**Activity**
Write out the data below exactly as given, without any of its pictures.

-=-=-

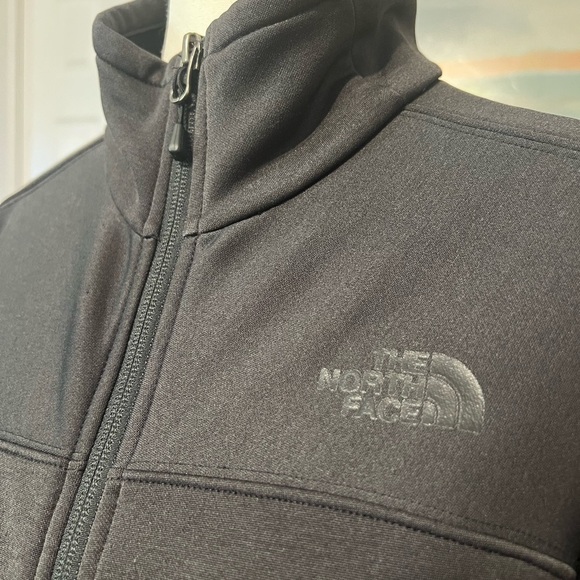 The North Face Women’s Apex Bionic 2 Softshell Jacket Black Size M - Picture 2 of 13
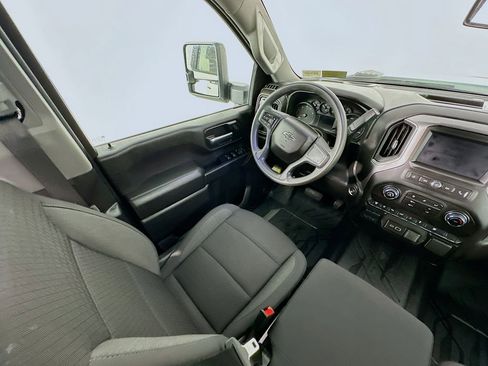 Used 2025 Chevrolet Silverado 2500 Custom w/ Custom Value Package AWD/4WD image 9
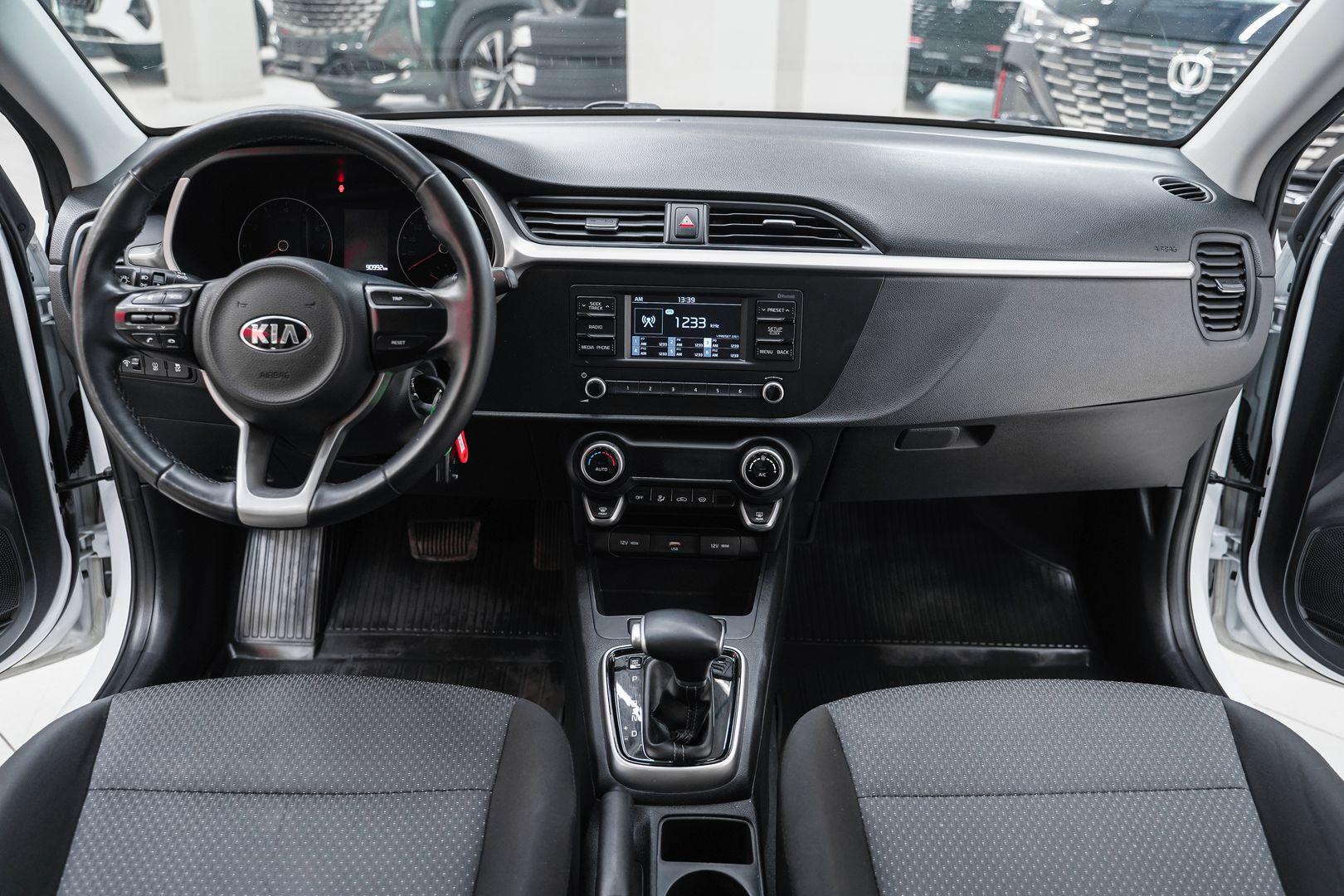Kia Rio 2020, белый, ДЦ Орехово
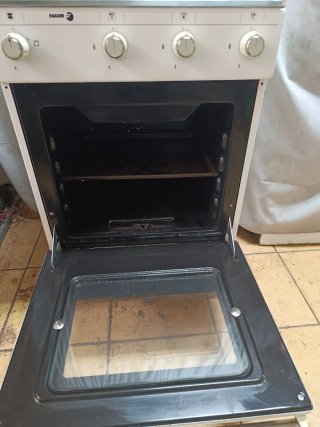 Cocina de gas Fagor con horno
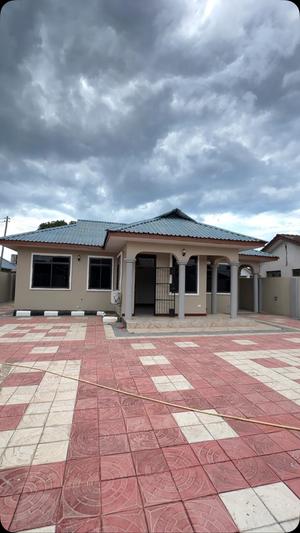 Nyumba ya vyumba vitatu inapangishwa Tegeta Masaiti, Dar Es Salaam Nyumba ya vyumba vitatu inapangishwa Tegeta Masaiti, Dar Es Salaam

-=-=-

**Reply to the task**
 The North Face Women’s Apex Bionic 2 Softshell Jacket Black Size M - Picture 2 of 13
 Used 2025 Chevrolet Silverado 2500 Custom w/ Custom Value Package AWD/4WD image 9
Kia Rio 2020, белый, ДЦ Орехово
 Cocina de gas Fagor con horno
 Nyumba ya vyumba vitatu inapangishwa Tegeta Masaiti, Dar Es Salaam Nyumba ya vyumba vitatu inapangishwa Tegeta Masaiti, Dar Es Salaam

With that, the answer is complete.